In an age where most viewing of art is done online rather than in person at a gallery, UFV visual arts professor Christopher Friesen’s latest art exhibit considers the notions of influence and authenticity.
Search by Image runs through May 7 at the Reach Gallery Museum in Abbotsford, with an opening reception Jan 18 and a brunch with the artist opportunity on Jan 20. The works are the result of Friesen’s recent sabbatical.
“In this recent series of paintings I use iconic works by French master Jean Baptiste Camille Corot (1796 – 1875) to explore legacies of modern painting and to consider notions of influence, quotation, authorship, and the ‘real’ in the age of digital reproduction,” says Friesen.
The fictions of “master” and “copy” are now so entwined with each other that it is impossible to say where one begins and the other ends.
Douglas Davis, The Work of Art in the Age of Digital Reproduction, 1995
Corot is remembered most for his landscape paintings. Highly influential, his late style is often considered a forerunner to Impressionism and there is little doubt of his profound influence on modern painting. Corot was prolific in his output, and his work has also been copied and forged perhaps more than any other artist in history. Friesen uses the preponderance of Corot’s imagery to engage with notions of visuality and questions of pictorial fidelity, particularly where these ideas intersect with the digital.
Rather than adhering to Corot’s work with close stylistic accuracy, Friesen chooses large-scale canvases, favours a loose application of paint and bold palette, and accentuates the flatness of the painting’s surface. Though he sets out to create a series that is remarkably dissimilar to Corot when experienced in person, Friesen has ensured that the resulting paintings bear enough of a resemblance to the originals that these distinctions are significantly curtailed when meditated through a digital device.

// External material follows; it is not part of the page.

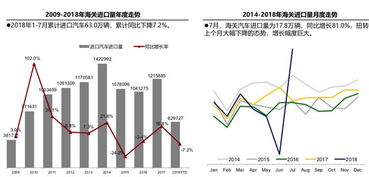 进口车价格走势，降价的可能性与影响因素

As the title of the exhibition suggests, algorithms used in online image searches are fundamental to Friesen’s larger project. He deliberately appropriates Corot’s original titles for his own works, so that any online hierarchy that would separate original from copy is virtually eliminated. A simple Google image search produces myriad and varied versions of paintings bearing these names. The innocent online researcher could easily be lost in a thicket of images within which no frame of reference for the “real” is apparent, raising the question of epistemology.
Friesen’s willing engagement with digital phenomena draws attention to the changing means through which works of art are reproduced, circulated, and consumed. At a time when we are just as likely to encounter a work of art online than in person, Friesen’s project asks what the nature of this encounter ought to be, and whether the future of art is in galleries or on screens.
“I want to take this exploration further by encouraging visitors to photograph my paintings and share them through their social media channels, using the paintings’ titles and the hashtags #searchbyimage #digitalcorot #realfriesen #christopherfriesen #corot,” Friesen notes.